±1±: Now is the time The Poisoner's Handbook: Murder and the Birth of Forensic Medicine in Jazz Age New York Order Today!
Pulitzer Prize-winning science writer Deborah Blum follows New York City's first forensic scientists to discover a fascinating Jazz Age story of chemistry and detection, poison and murder.
Deborah Blum, writing with the high style and skill for suspense that is characteristic of the very best mystery fiction, shares the untold story of how poison rocked Jazz Age New York City. In The Poisoner's Handbook Blum draws from highly original research to track the fascinating, perilous days when a pair of forensic scientists began their trailblazing chemical detective work, fighting to end an era when untraceable poisons offered an easy path to the perfect crime.

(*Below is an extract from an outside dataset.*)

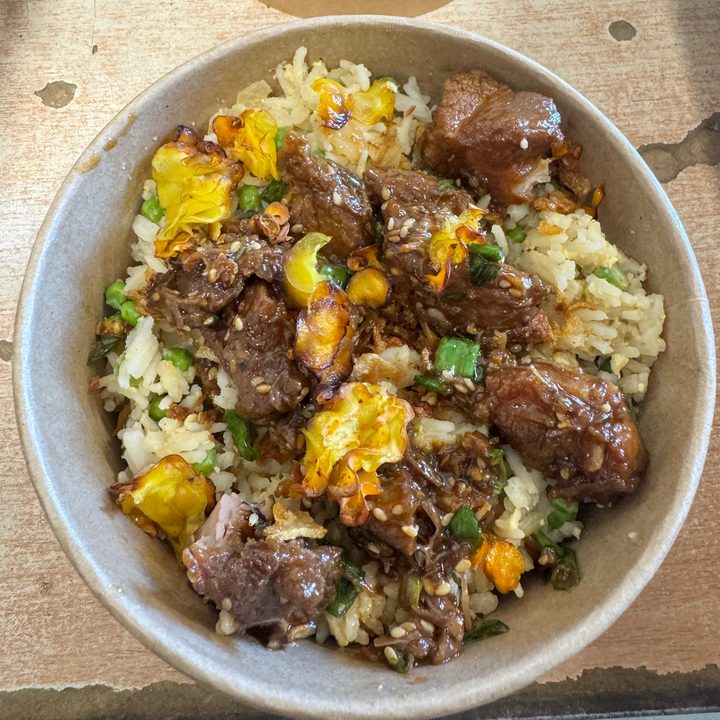 Porc au caramel sur riz cantonais, petits pois, oignon nouveau et chips de légumes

Drama unfolds case by case as the heroes of The Poisoner's Handbook-chief medical examiner Charles Norris and toxicologist Alexander Gettler-investigate a family mysteriously stricken bald, Barnum and Bailey's Famous Blue Man, factory workers with crumbling bones, a diner serving poisoned pies, and many others. Each case presents a deadly new puzzle and Norris and Gettler work with a creativity that rivals that of the most imaginative murderer, creating revolutionary experiments to tease out even the wiliest compounds from human tissue. Yet in the tricky game of toxins, even science can't always be trusted, as proven when one of Gettler's experiments erroneously sets free a suburban housewife later nicknamed "America's Lucretia Borgia" to continue her nefarious work.
From the vantage of Norris and Gettler's laboratory in the infamous Bellevue Hospital it becomes clear that killers aren't the only toxic threat to New Yorkers. Modern life has created a kind of poison playground, and danger lurks around every corner. Automobiles choke the city streets with carbon monoxide; potent compounds, such as morphine, can be found on store shelves in products ranging from pesticides to cosmetics. Prohibition incites a chemist's war between bootleggers and government chemists while in Gotham's crowded speakeasies each round of cocktails becomes a game of Russian roulette. Norris and Gettler triumph over seemingly unbeatable odds to become the pioneers of forensic chemistry and the gatekeepers of justice during a remarkably deadly time. A beguiling concoction that is equal parts true crime, twentieth-century history, and science thriller, The Poisoner's Handbook is a page-turning account of a forgotten New York.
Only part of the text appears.